Keith Richards, chief executive of the PFS, said the appetite and demand for apprenticeships will grow over the next few years, despite reports that numbers are down compared to last year.
He said: “The new levy has caused some temporary stalling by large employers, which has contributed to the drop, coupled with confusion earlier in the year about government funding allocation levels.
“The PFS has seen unprecedented demand for its newly launched ‘Aspire’ apprenticeship programme but has had to delay the start for some training cohorts due to uncertainty over the funding allocation.
“Some smaller training suppliers have also deferred implementation until funding becomes available next year.
“However, the clearly evident demand for financial planning and need for succession provisions will drive future demand for apprentices even higher.”

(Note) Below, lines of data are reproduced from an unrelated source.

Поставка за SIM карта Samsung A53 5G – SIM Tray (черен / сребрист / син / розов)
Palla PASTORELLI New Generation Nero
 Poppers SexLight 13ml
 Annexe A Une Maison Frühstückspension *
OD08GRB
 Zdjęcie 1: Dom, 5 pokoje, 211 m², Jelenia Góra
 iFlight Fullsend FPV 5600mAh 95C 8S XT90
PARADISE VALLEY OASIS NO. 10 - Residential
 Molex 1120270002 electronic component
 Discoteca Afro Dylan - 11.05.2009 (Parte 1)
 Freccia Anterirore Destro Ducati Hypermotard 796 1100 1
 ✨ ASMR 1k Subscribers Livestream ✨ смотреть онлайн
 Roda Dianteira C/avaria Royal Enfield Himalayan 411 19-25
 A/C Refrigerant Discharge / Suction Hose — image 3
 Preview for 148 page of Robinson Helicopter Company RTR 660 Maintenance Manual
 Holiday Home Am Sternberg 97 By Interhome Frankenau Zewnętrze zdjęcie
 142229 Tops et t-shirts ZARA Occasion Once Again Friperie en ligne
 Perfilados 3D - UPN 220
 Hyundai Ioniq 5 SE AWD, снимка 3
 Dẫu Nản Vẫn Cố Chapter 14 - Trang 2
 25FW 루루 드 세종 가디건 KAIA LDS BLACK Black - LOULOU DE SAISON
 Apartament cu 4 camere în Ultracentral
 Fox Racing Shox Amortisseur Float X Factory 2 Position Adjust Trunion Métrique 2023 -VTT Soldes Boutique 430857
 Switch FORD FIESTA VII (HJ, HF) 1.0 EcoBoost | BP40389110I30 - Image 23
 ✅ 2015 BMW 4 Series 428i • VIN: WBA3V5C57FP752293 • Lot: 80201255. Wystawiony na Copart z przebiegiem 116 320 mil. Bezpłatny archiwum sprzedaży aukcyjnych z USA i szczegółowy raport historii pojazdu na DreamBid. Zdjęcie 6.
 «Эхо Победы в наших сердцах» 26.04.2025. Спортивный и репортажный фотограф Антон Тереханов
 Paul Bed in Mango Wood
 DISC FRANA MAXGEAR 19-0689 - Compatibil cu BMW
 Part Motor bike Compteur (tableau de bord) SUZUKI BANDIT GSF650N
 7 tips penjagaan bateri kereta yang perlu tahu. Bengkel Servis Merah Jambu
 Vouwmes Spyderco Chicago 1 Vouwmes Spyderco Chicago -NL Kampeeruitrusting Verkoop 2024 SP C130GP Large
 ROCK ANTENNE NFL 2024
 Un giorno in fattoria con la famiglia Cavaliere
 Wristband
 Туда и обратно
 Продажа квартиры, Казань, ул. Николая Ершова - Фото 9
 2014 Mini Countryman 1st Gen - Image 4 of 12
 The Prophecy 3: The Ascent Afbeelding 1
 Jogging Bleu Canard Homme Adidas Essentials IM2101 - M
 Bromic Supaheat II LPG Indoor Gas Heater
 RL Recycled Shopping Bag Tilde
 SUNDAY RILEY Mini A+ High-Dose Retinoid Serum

Figures released by the Department for Education and the Office for National Statistics revealed that in the previous quarter there was a 47 per cent year-on-year increase from 118,800 in between February and April 2016 to 174,100 in the same period this year.
The findings were published in the 28-page report on further education and skills in England, which also revealed that year on year, the number of apprenticeship starts at intermediate level has dropped by more than 10 per cent.
While the overall number of starts dropped by 2.5 per cent, from 503,700 in 2015 to 2016 to 491,300 in 2016 to 2017, based on provisional full-year data that reduction is largely due to a 10.1 per cent drop in intermediate level starts.
Neil Carberry, managing director for people policy at Confederation of British Industry, said: “This disappointing data will come as no surprise to companies, who have repeatedly made clear that the current design of the apprenticeship levy system is not effective.
“Businesses believe in apprenticeships but there can be no argument now - reform of the levy system is needed urgently to ensure its success.”
He added firms are still having to adjust to the new system against difficult timescales, but the challenges of the levy run deeper than just a timing issue.
He said: “There is still time to get the levy right but this needs real urgency.
“The government must invest now in the Department for Education’s commercial skills, work with firms to build a better understanding of how businesses will react to policies, and empower the Institute for Apprenticeships to challenge underperforming aspects of system design.”